What is a computational graph in the context of automatic differentiation?
A directed acyclic graph where each node represents the output of a primitive operation and edges indicate data flow, enabling systematic gradient computation.
Name the three pillars of automatic differentiation.
1) Computational graph representation, 2) Local derivatives for every primitive operation, 3) Chain rule to combine those derivatives across the graph.
What information is stored during the forward pass for use in backpropagation?
The output (and sometimes input) of each operation and a link (grad_fn
) describing how to compute that operation’s gradient.
Describe the backward pass (reverse‑mode autodiff) in plain words.
Starting from the loss node, gradients are propagated backwards through the graph, multiplying or adding local derivatives, to obtain gradients for all parameters.

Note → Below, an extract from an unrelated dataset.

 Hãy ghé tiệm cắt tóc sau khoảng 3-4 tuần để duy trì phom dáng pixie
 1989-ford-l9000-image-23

Explain the chain rule conceptually as it applies to backpropagation.
The sensitivity of the loss to an earlier variable equals the sensitivity to its immediate parent multiplied by the parent’s sensitivity to that earlier variable, summed over all paths.

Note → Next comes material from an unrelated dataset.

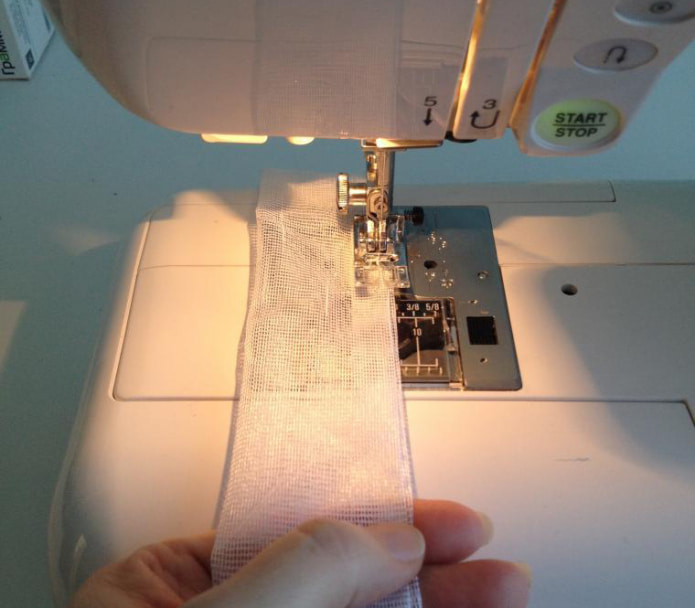coser la corbata desde el interior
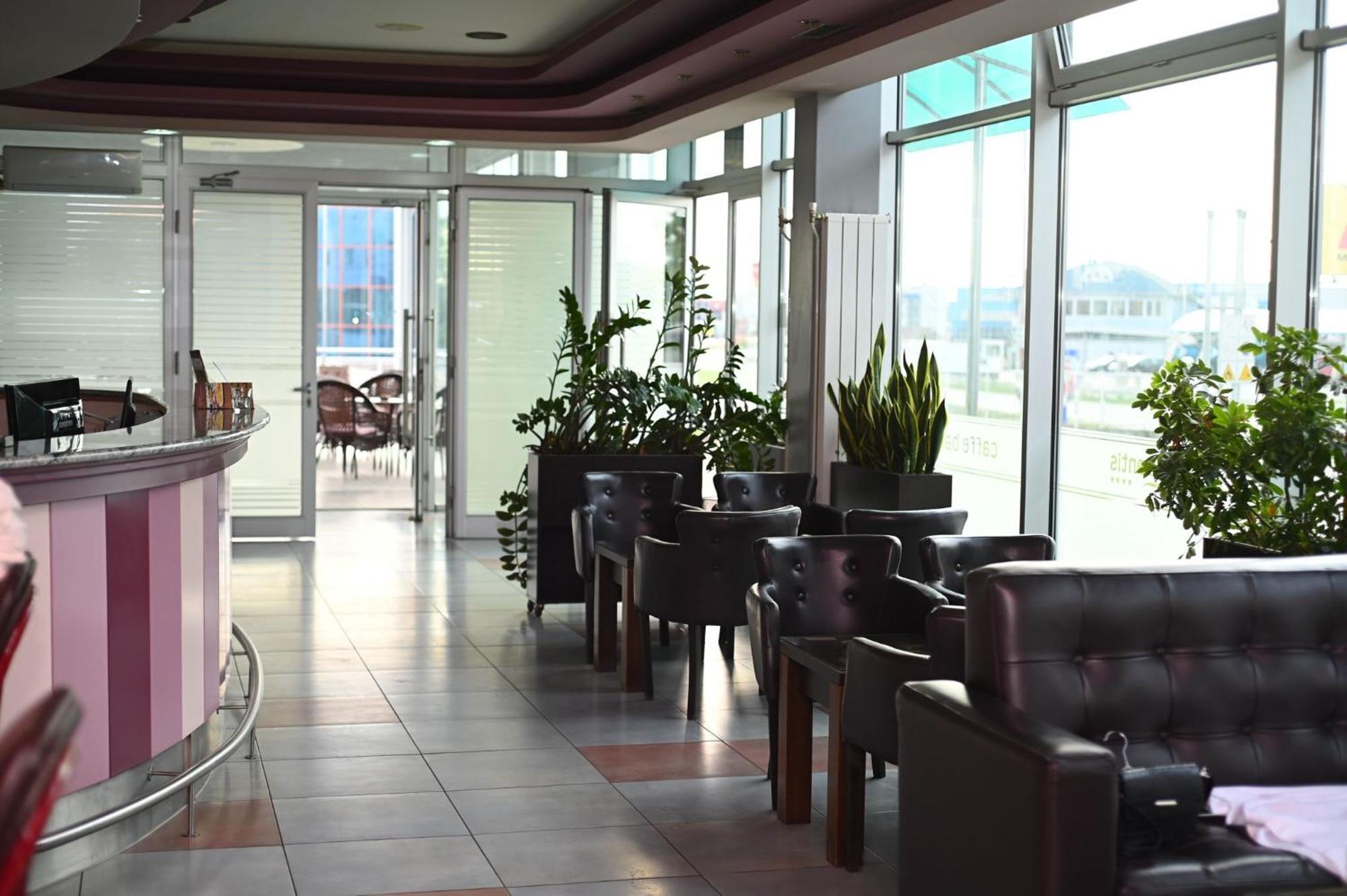 Motel Atlantis Prijedor Bagian luar foto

How does backprop handle operations with multiple inputs?
It computes a partial derivative for each input and sums their contributions when propagating gradients upstream.
Why must forward activations be saved until the backward pass finishes?
Many gradient formulas reuse forward values (e.g., 1/x for log), so storing them avoids expensive recomputation.
In PyTorch eager mode, how are operations recorded for gradient computation?
Each tensor that requires gradients keeps a reference to its creator operation in tensor.grad_fn
, forming the backward graph implicitly.
What qualifies as a primitive operation in autodiff frameworks?
Any operation with a hard‑coded derivative rule, such as addition, multiplication, logarithm, matrix multiplication, or ReLU.
Why is backpropagation memory‑intensive and how can memory be reduced?
All intermediate activations are kept for gradient computation; techniques like checkpointing re‑compute parts of the forward pass to trade compute for reduced memory.
Compare eager mode and graph mode (TorchScript) in PyTorch.
Eager executes operations immediately and stores only backward links, while graph mode builds the full forward graph first for optimisation and deployment.
Why can’t we symbolically differentiate an entire deep network expression?
The symbolic expression would be immensely large and impractical; autodiff breaks computation into manageable primitives with known derivatives.
How does the runtime of the backward pass compare to the forward pass?
It is typically of the same order because each primitive’s gradient computation requires a similar amount of work as its forward computation.